**Exercise requirements**
Copy each entry precisely as written, and do not carry over the pictures.
══════
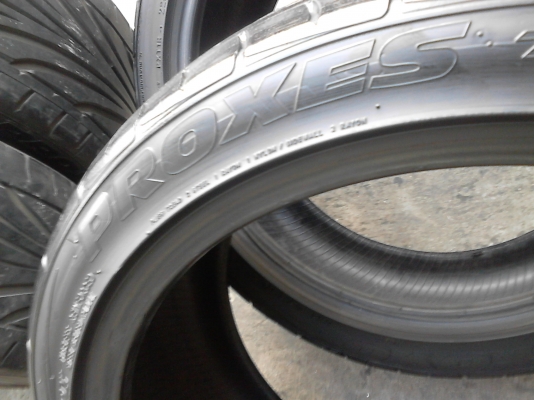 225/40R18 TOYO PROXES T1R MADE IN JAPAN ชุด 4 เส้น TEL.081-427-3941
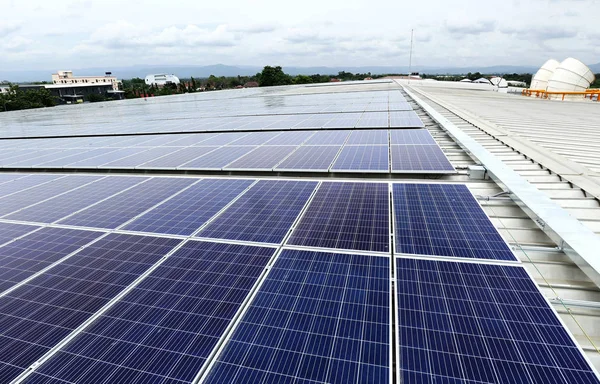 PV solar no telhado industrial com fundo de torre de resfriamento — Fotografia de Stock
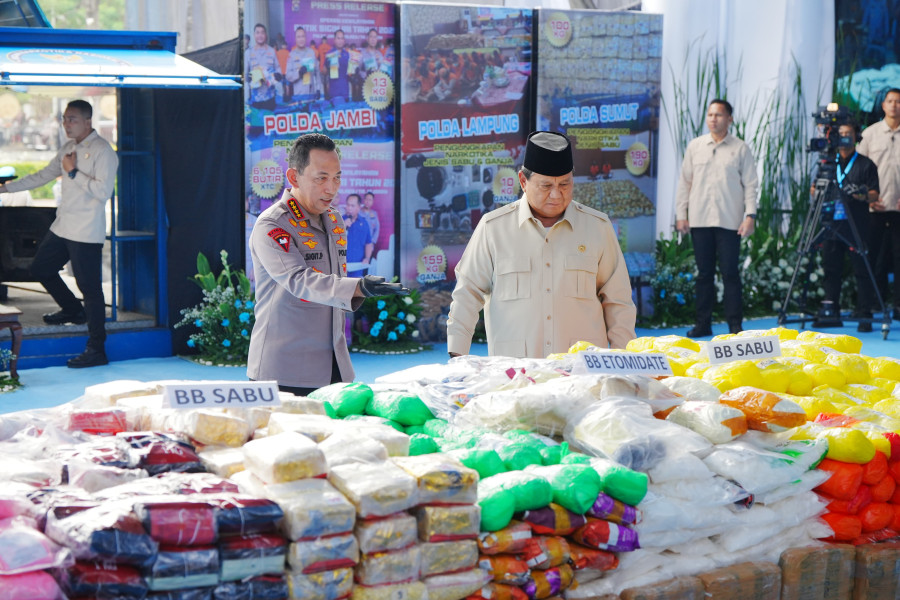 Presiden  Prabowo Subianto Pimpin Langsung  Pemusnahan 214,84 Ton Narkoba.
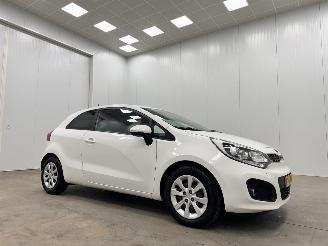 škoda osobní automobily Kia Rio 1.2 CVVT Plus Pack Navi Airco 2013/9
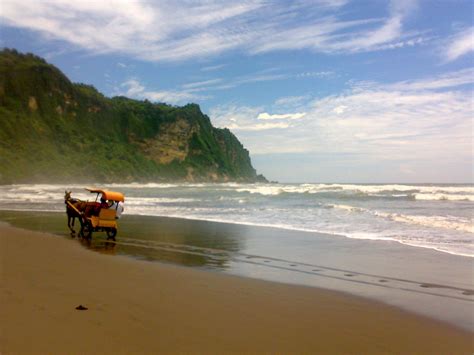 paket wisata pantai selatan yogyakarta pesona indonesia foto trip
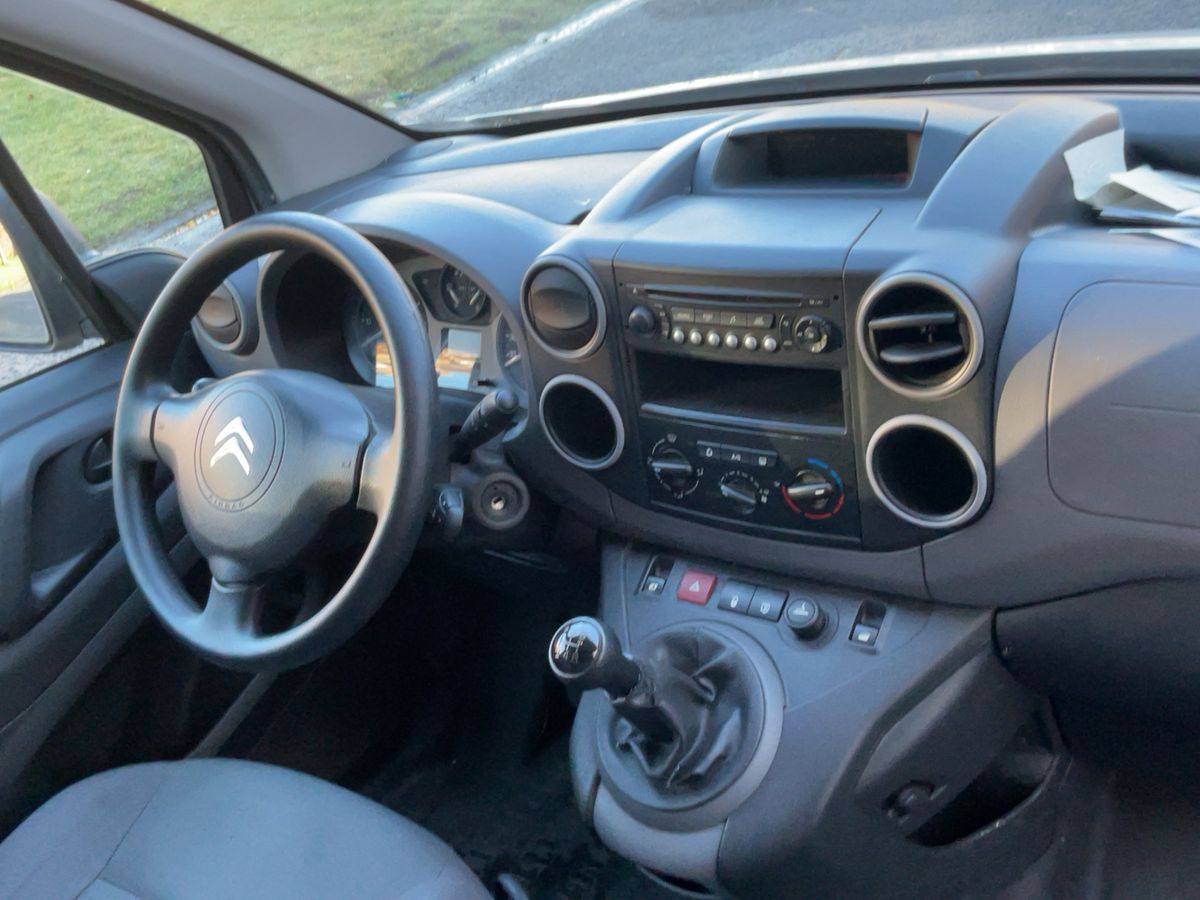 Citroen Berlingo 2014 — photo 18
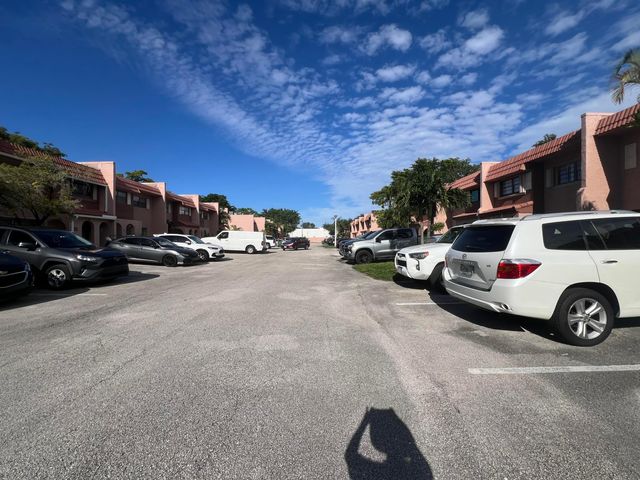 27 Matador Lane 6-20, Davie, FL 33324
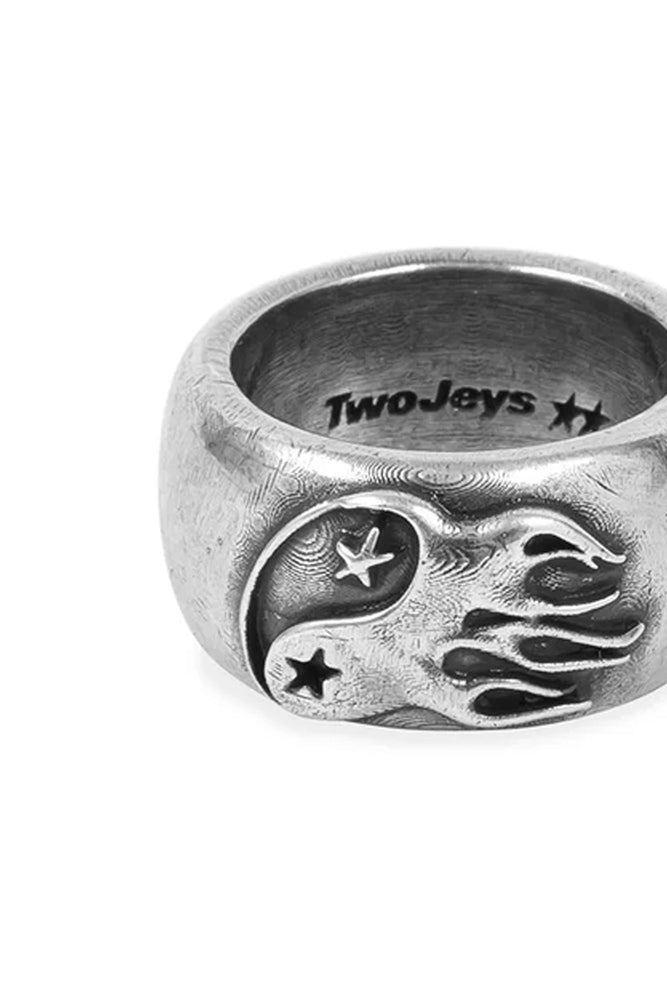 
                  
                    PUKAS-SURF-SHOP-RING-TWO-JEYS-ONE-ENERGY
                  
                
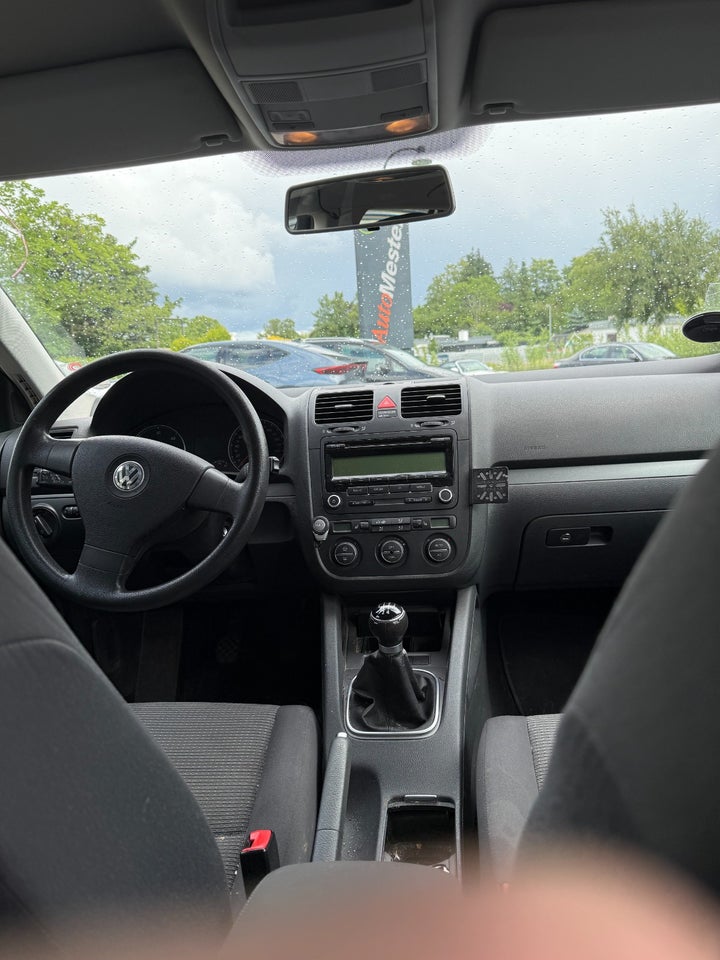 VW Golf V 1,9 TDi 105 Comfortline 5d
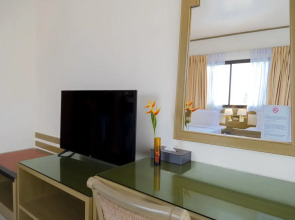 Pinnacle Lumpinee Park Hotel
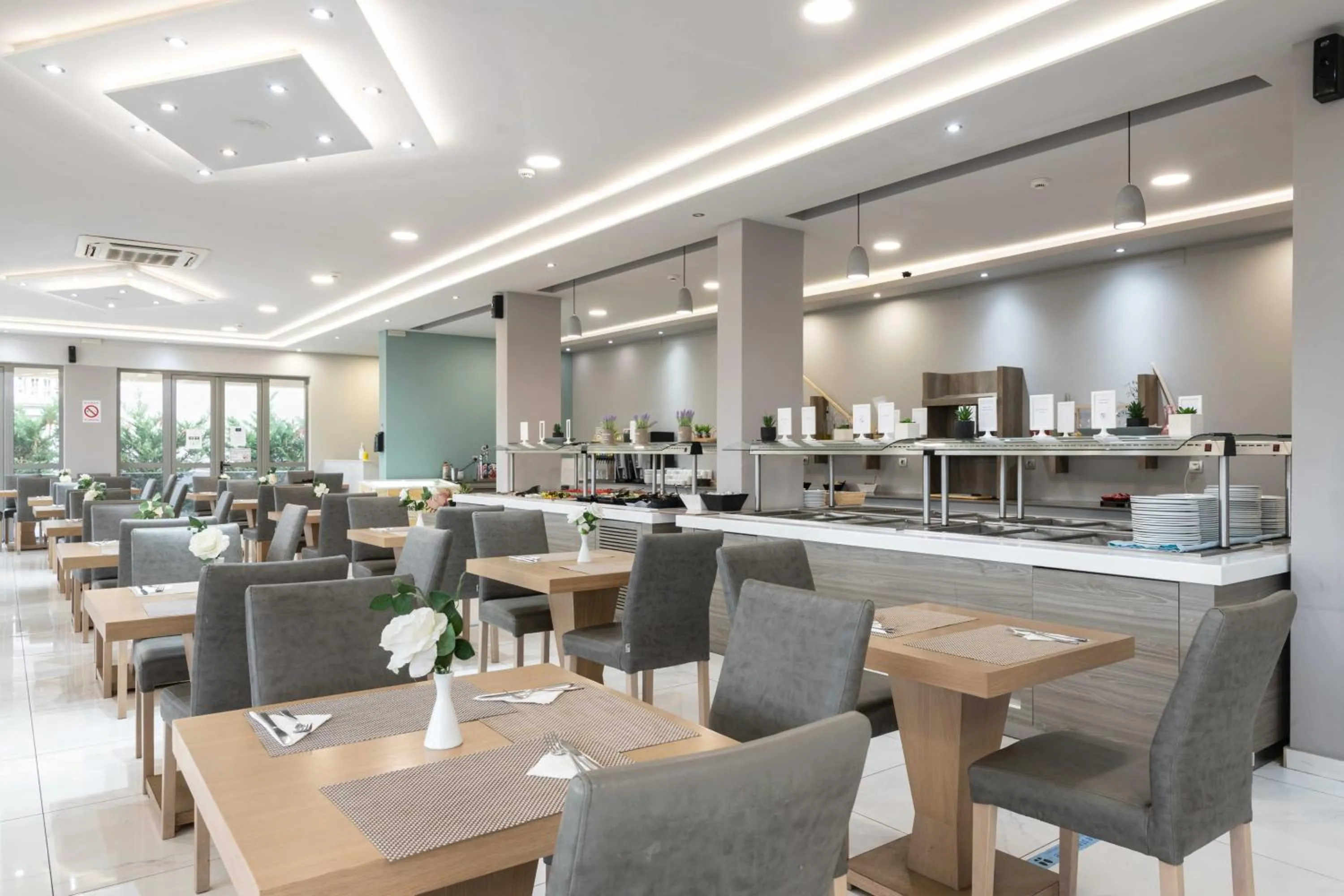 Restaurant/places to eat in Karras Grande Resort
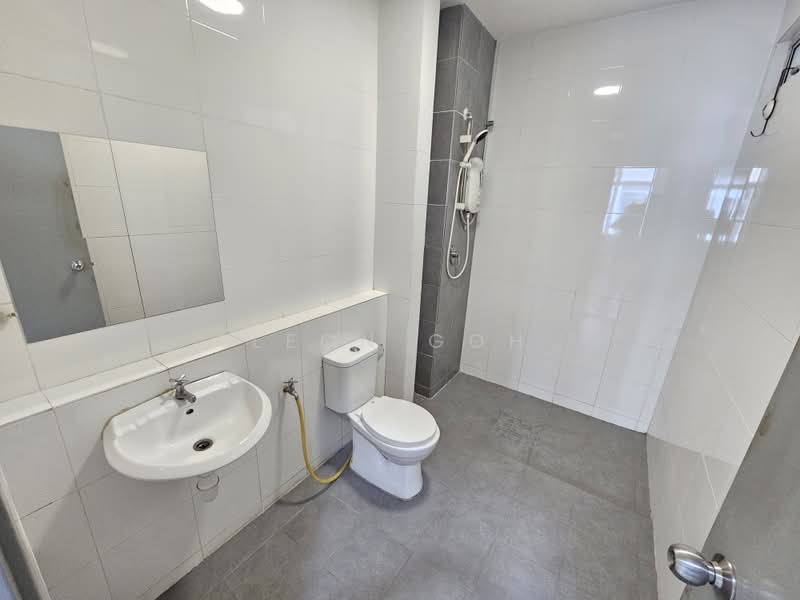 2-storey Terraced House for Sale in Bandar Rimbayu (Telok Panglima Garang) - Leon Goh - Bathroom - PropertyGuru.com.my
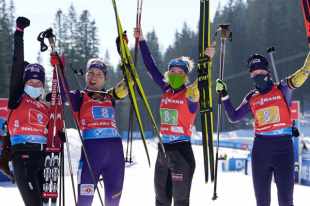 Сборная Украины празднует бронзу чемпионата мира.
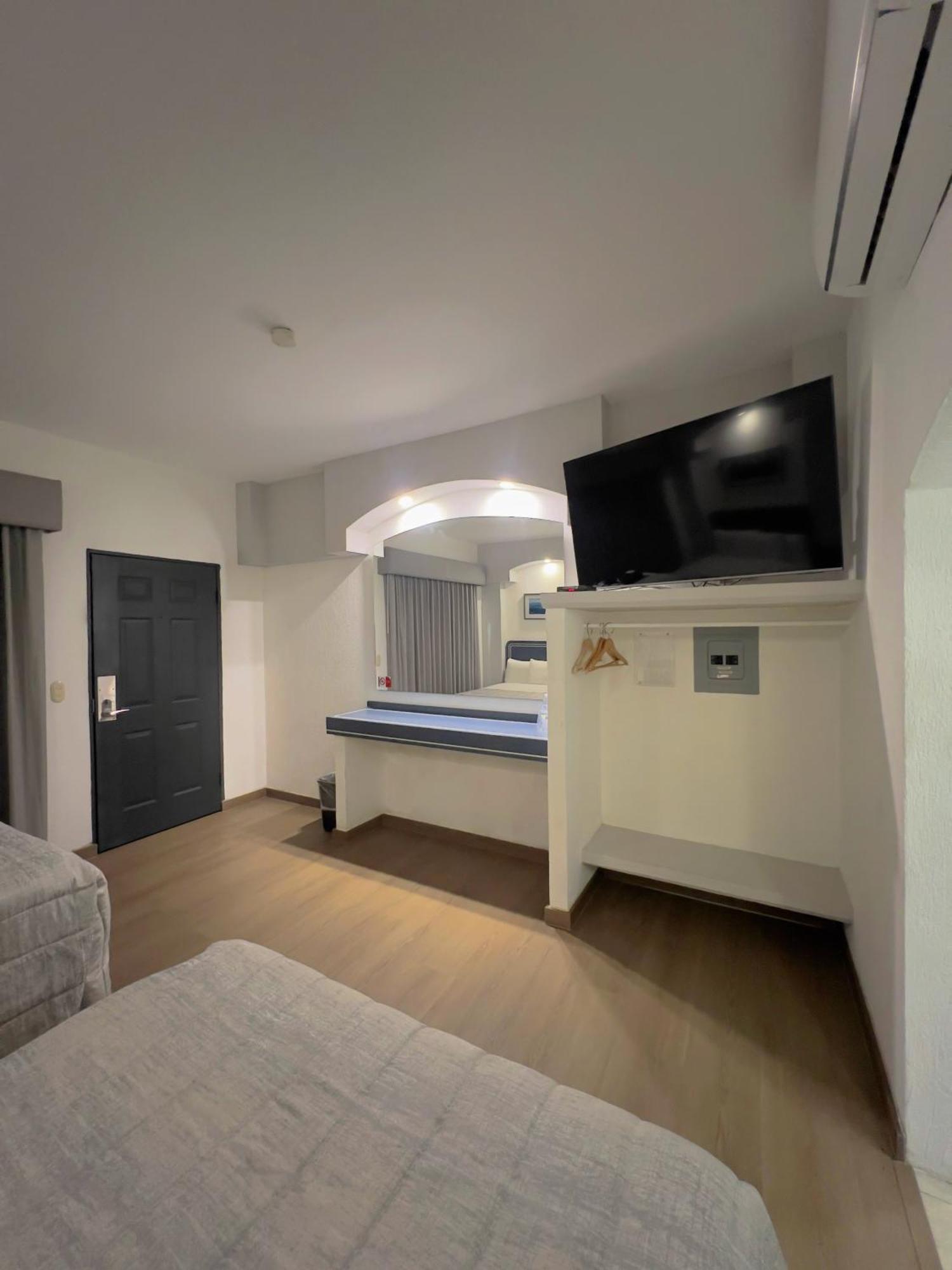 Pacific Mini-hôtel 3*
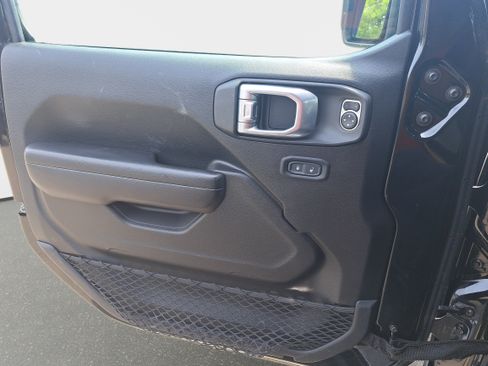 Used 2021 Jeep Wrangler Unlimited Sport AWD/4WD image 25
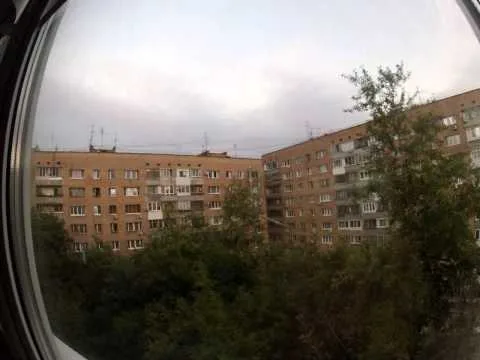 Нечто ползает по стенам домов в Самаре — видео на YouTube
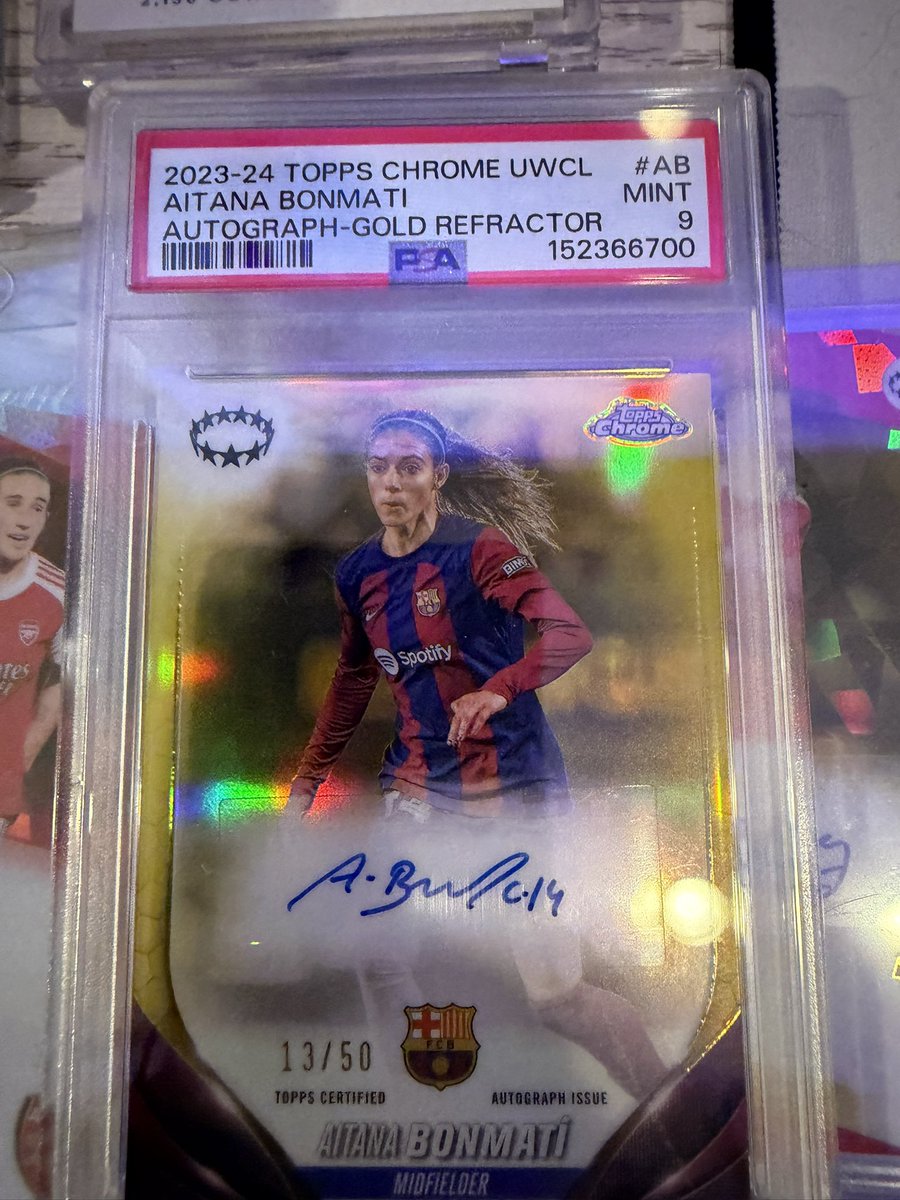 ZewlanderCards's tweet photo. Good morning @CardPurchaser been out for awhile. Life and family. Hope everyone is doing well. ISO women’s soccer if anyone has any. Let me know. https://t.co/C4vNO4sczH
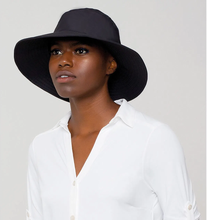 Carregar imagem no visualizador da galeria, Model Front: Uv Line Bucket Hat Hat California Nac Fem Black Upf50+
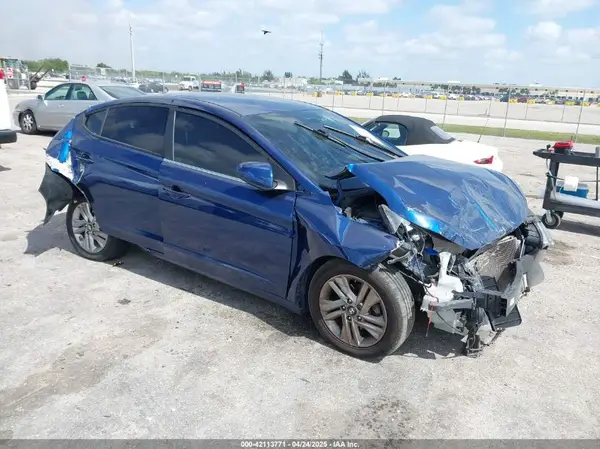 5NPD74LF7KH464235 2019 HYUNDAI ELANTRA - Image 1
══════
**Solution to the exercise**
 225/40R18 TOYO PROXES T1R MADE IN JAPAN ชุด 4 เส้น TEL.081-427-3941
 PV solar no telhado industrial com fundo de torre de resfriamento — Fotografia de Stock
 Presiden  Prabowo Subianto Pimpin Langsung  Pemusnahan 214,84 Ton Narkoba.
 škoda osobní automobily Kia Rio 1.2 CVVT Plus Pack Navi Airco 2013/9
 paket wisata pantai selatan yogyakarta pesona indonesia foto trip
 Citroen Berlingo 2014 — photo 18
 27 Matador Lane 6-20, Davie, FL 33324
                  
                    PUKAS-SURF-SHOP-RING-TWO-JEYS-ONE-ENERGY
                  
                
 VW Golf V 1,9 TDi 105 Comfortline 5d
 Pinnacle Lumpinee Park Hotel
 Restaurant/places to eat in Karras Grande Resort
 2-storey Terraced House for Sale in Bandar Rimbayu (Telok Panglima Garang) - Leon Goh - Bathroom - PropertyGuru.com.my
 Сборная Украины празднует бронзу чемпионата мира.
 Pacific Mini-hôtel 3*
 Used 2021 Jeep Wrangler Unlimited Sport AWD/4WD image 25
 Нечто ползает по стенам домов в Самаре — видео на YouTube
 ZewlanderCards's tweet photo. Good morning @CardPurchaser been out for awhile. Life and family. Hope everyone is doing well. ISO women’s soccer if anyone has any. Let me know. https://t.co/C4vNO4sczH
 Carregar imagem no visualizador da galeria, Model Front: Uv Line Bucket Hat Hat California Nac Fem Black Upf50+
 5NPD74LF7KH464235 2019 HYUNDAI ELANTRA - Image 1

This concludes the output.